» Task objective
Give back every entry exactly as it is written, but not the pictures.

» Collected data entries
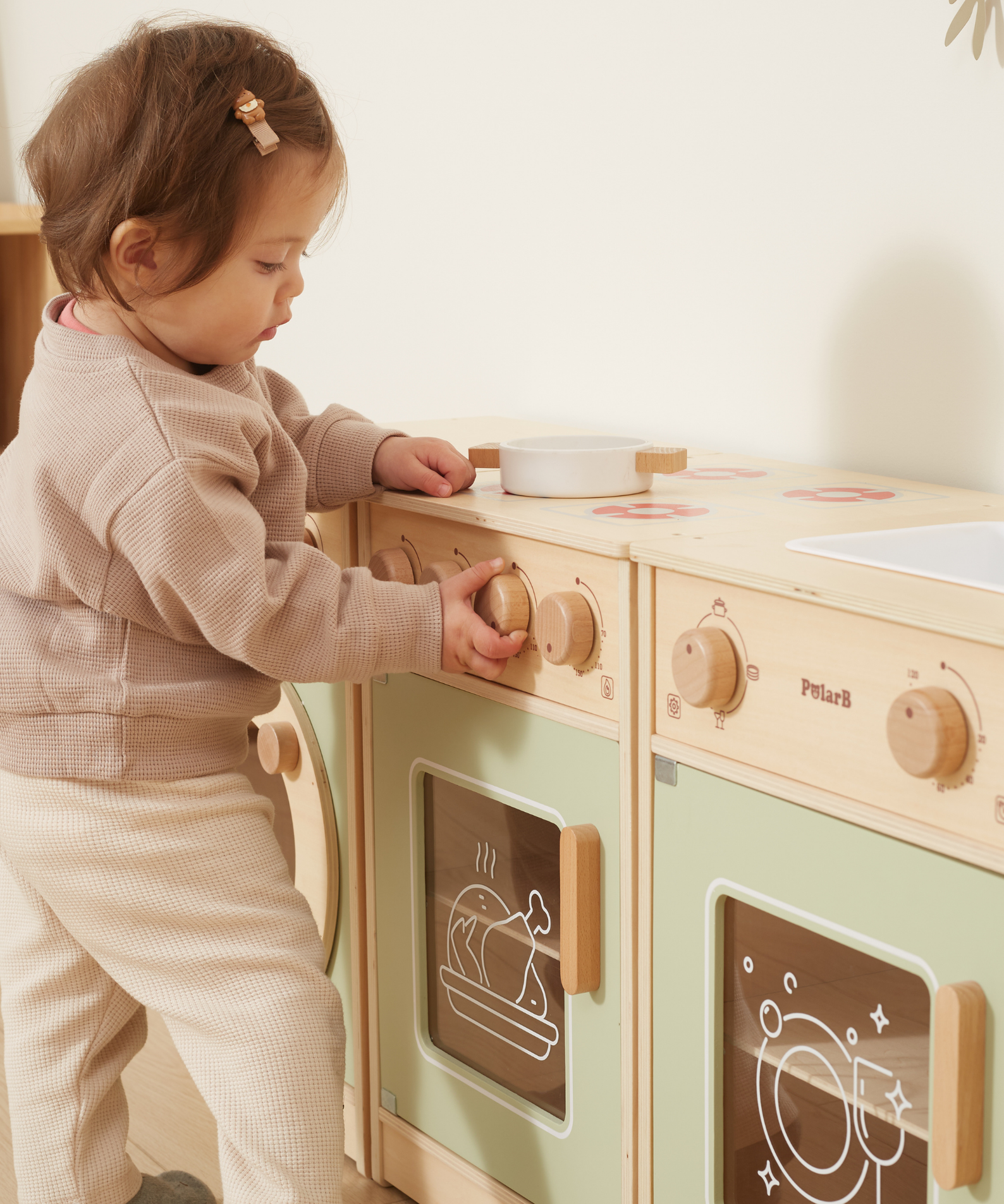 PolarB Sage Green Wooden Toddler Kitchen Playset for Ages 18 Months and Up, Includes Fridge, Stove, Sink, Dishwasher and Washing Machine, Encourages Imaginative and Social Play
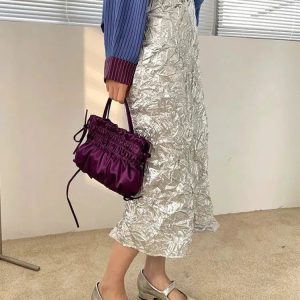 Wrinkled Silver Y2K Midi Skirt for Retro Summer Outfits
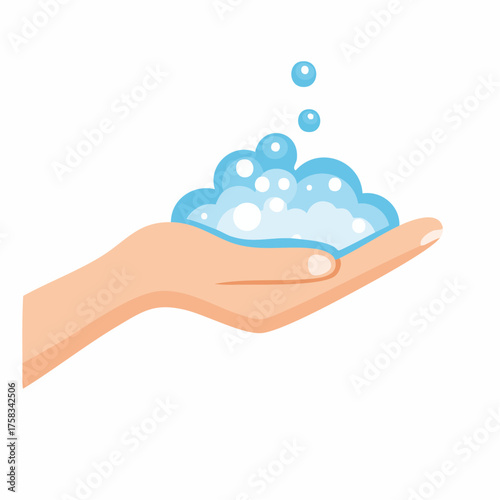 Hand holding soap bubbles promoting hygiene and cleanliness, vector illustration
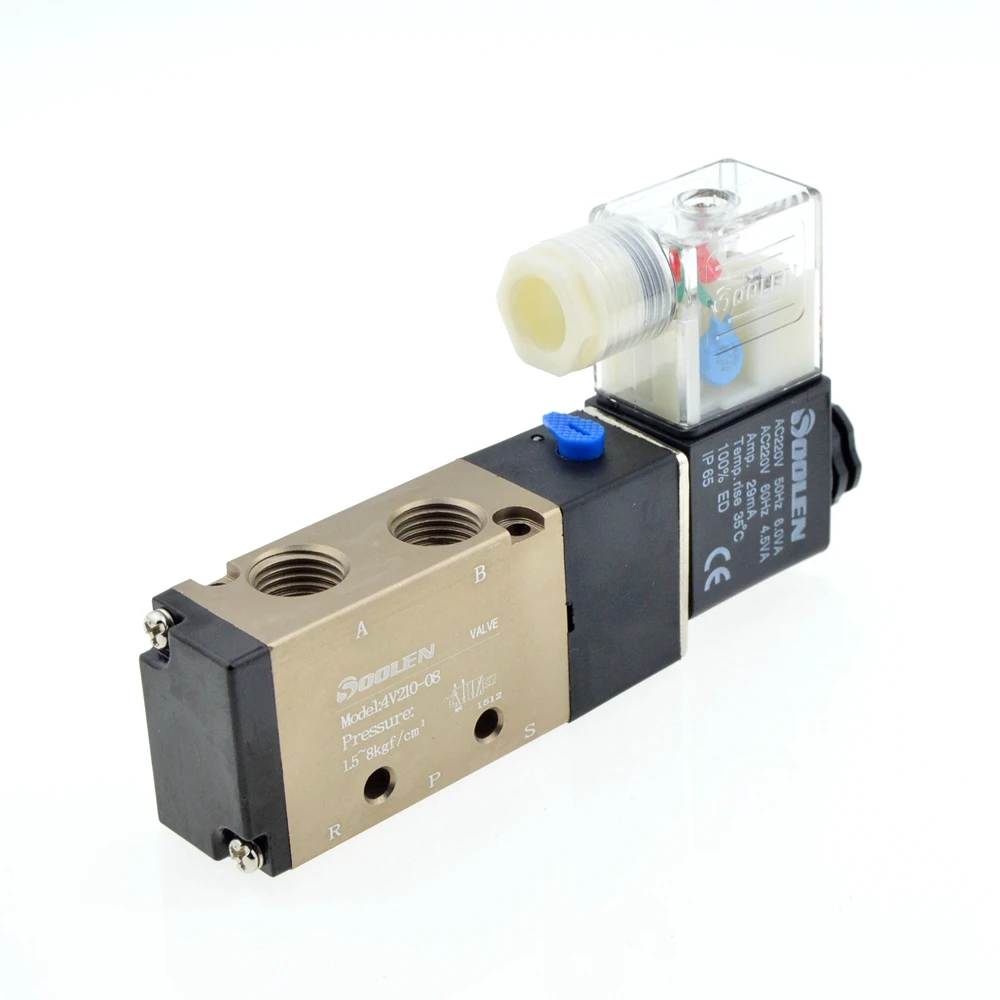 4V210-08 AC220V 110V DC 12V 24V 2 положения 5 порт/способ однокатаная пневматическая воздушная Регулировка электромагнитный клапан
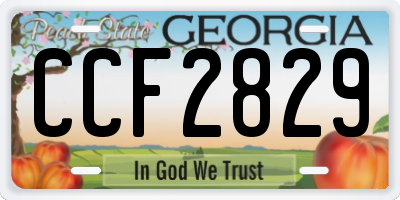 GA license plate CCF2829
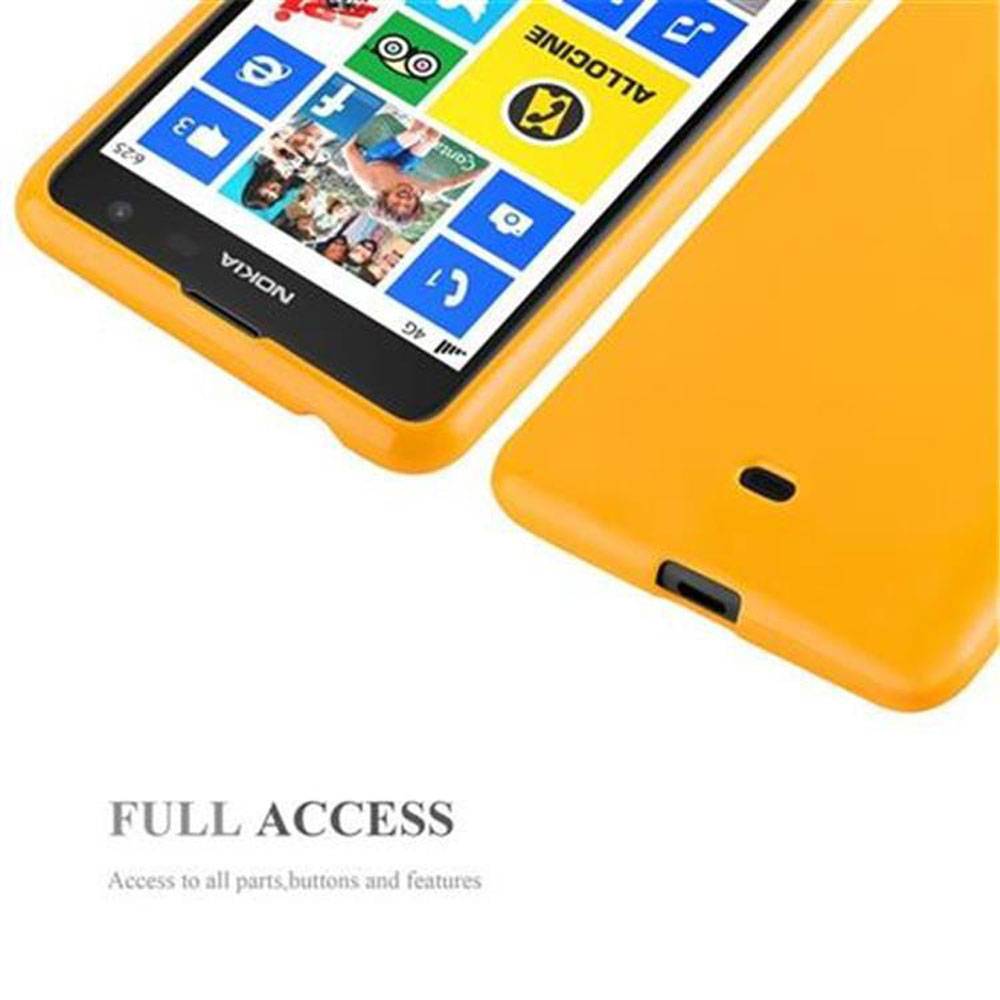 Cadorabo Schutzhülle für Nokia Lumia 625 Hülle in Gelb TPU Etui Hülle Case Cover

» Result of the task
 PolarB Sage Green Wooden Toddler Kitchen Playset for Ages 18 Months and Up, Includes Fridge, Stove, Sink, Dishwasher and Washing Machine, Encourages Imaginative and Social Play
 Wrinkled Silver Y2K Midi Skirt for Retro Summer Outfits
 Hand holding soap bubbles promoting hygiene and cleanliness, vector illustration
 4V210-08 AC220V 110V DC 12V 24V 2 положения 5 порт/способ однокатаная пневматическая воздушная Регулировка электромагнитный клапан
 GA license plate CCF2829
 Cadorabo Schutzhülle für Nokia Lumia 625 Hülle in Gelb TPU Etui Hülle Case Cover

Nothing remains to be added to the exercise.